Aged only 16, Gabriella Cilmi was launched into the public eye with her hit song Sweet About Me, a song which sold over 2 million copies and reached the top ten in 16 countries (peaking at number 8 in the UK). Now, still only 22 years old, the singer songwriter is back with her third album, The Sting.
Remarkably Gabriella Cilmi was spotted at an Italian community festival in Melbourne as a 12-year-old when she gave an impromptu performance of Jumpin’ Jack Flash, witnessed by A&R executive Michael Parisi. A move to England and a deal with Island Records followed. It was the stuff of legends.
Since then Gabriella Cilmi has won numerous awards, including six Aria Music Awards (amongst them Best Female Artist, Breakthrough Artist and Single of the Year [Sweet About Me, 2008]).
Following the critical acclaim of her first album, Lessons To Be Learned (top ten in a dozen countries and over a million sales) and plenty of touring, during which she appeared on the Pyramid Stage at Glastonbury, Gabriella Cilmi released her follow-up album, Ten. The album had a much more pop and dance oriented feel to it, driven largely by her record label. Ten spawned three singles, On a Mission, a top-10 UK hit, Hearts Don’t Lie and Defender
Now, after a split from her record label, the Melbourne-born, UK-based singer/songwriter Gabriella Cilmi is firmly in control of her own artistic direction, which is reflected in the feel of her new album. And it’s not just the sound which has changed. Gone are the long locks and dungarees from the first album, the racier appearance adopted in Ten and instead a pixie haircut and sophisticated dress style.

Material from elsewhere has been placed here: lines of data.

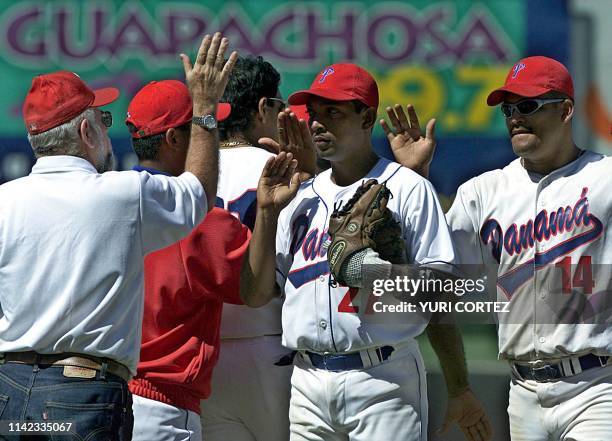 Players from the Panamanean baseball team celebrate 24 November 2002 after their victory against El Salvador with a score of 5-0. The game was played...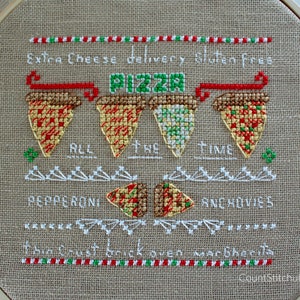May include: Cross-stitch embroidery on tan fabric, featuring pizza slices and text. The design includes the words "PIZZA," "Extra Cheese delivery gluten free," "ALL THE TIME," "PEPPERONI," "ANCHOVIES," and "thin crust brick oven margherita."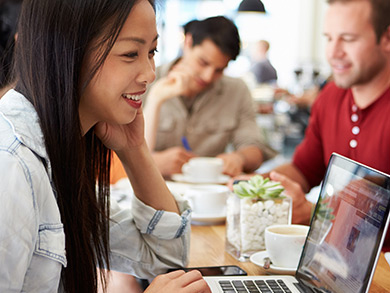 young casual female writing on laptop in coffee shop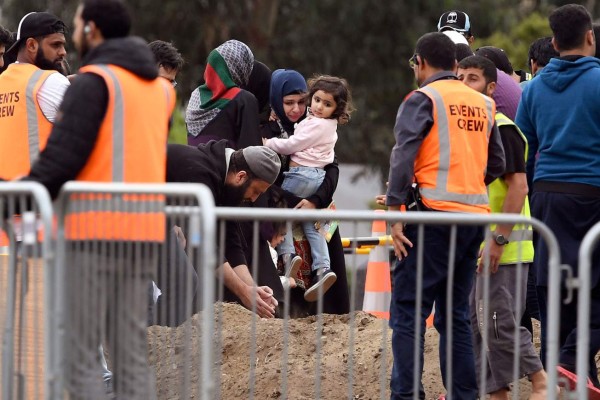 Relatives of Pakistni origin Syed Jahandad Ali, victim of New Zealand twin mosque attack, stays at his grave after burial at the Memorial Park cemetery in Christchurch on March 22, 2019. - The Muslim call to prayer will be broadcast across New Zealand on Friday as the nation pauses to mark a week since a heavily armed white supremacist stormed two mosques in a murder spree streamed online. (Photo by William WEST / AFP)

The writing process of The Sting lasted over three years and in working with producer Eliot James (Futureheads, Noah and the Whale), Gabriella Cilmi has commented that it was just her “in the studio with people [she] wanted to work with” (Billboard.com). The Sting admirably shows her strength of voice and is a reaction to breaking-up with her label and management. She is also heavily influenced by trip hop music as well as blues and jazz music—the influence of artists such as Janis Joplin and Nina Simone can be seen.
Gabriella Cilmi is back in control and the results are impressive.

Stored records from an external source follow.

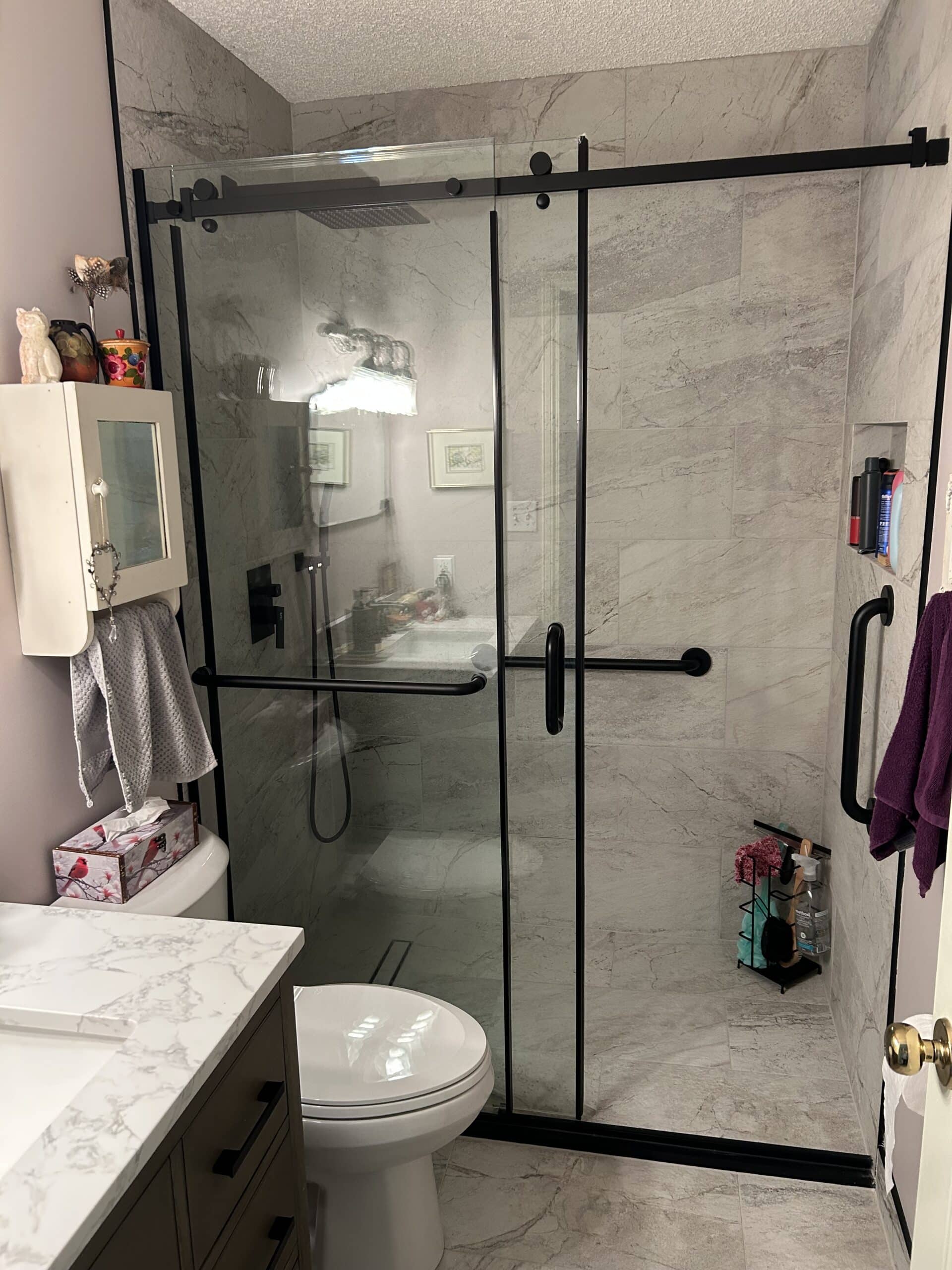 walk in shower in newly renovated bathroom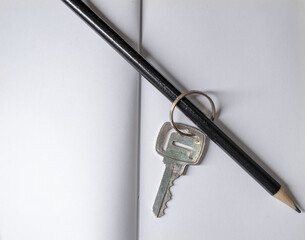 house key with black graphite pencil on white notebook. macro photograph with copy space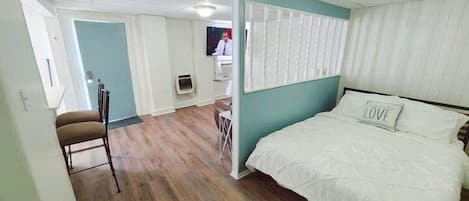 Una habitación con cama, una silla, un televisor y una ventana con persianas.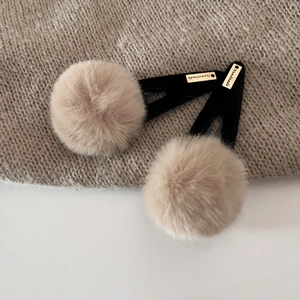 Detailed close-up of plush pom-pom hair clip featuring a golden handmade metal label tag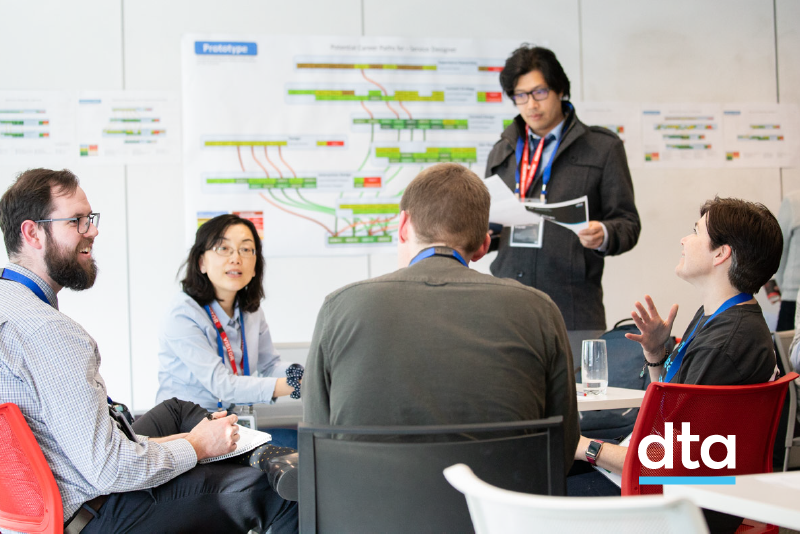 5 people sitting and standing in front of a diagram.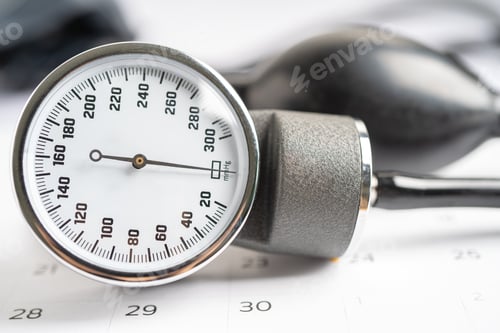 Preview: Blood pressure on calendar background.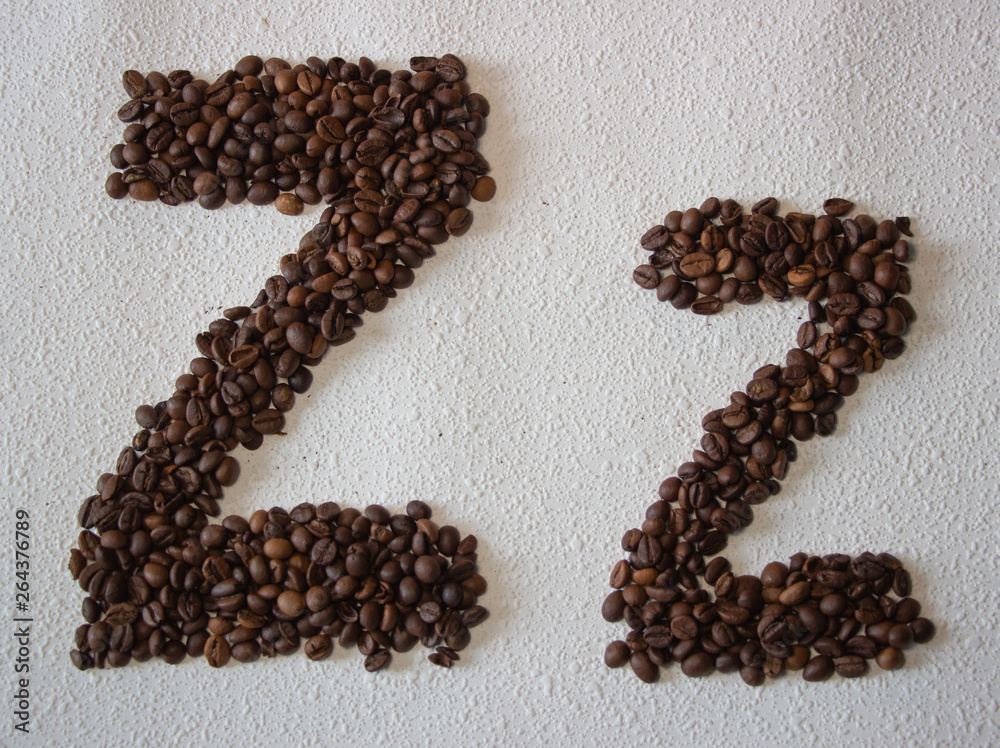 Image of roasted coffee beans shaped alphabet on a white background Image of roasted coffee beans shaped alphabet on a white background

We recently caught up with the lovely Gabriella Cilmi to discuss her career so far and her upcoming gig at the Deaf Institute in Manchester on 26 May 2014.
Hi Gabriella. Do you come to Manchester often?
Yeah, well, because my boyfriend lives here I think I’ve been coming up and down for about 5 months or so. When we first met he told me ‘I’ll only be three months in Manchester’ but it’s getting longer and longer, but luckily I like the city, so it’s ok. I’ve been up to the Northern Quarter and as we walk down the road, he’s like ‘this is where Joy Division used to play’ or ‘this is where this person used to play’ so I get a little bit of history, which there’s a lot of here.
You’re back from tour taking in Germany, Italy and other parts of Europe. How did that go?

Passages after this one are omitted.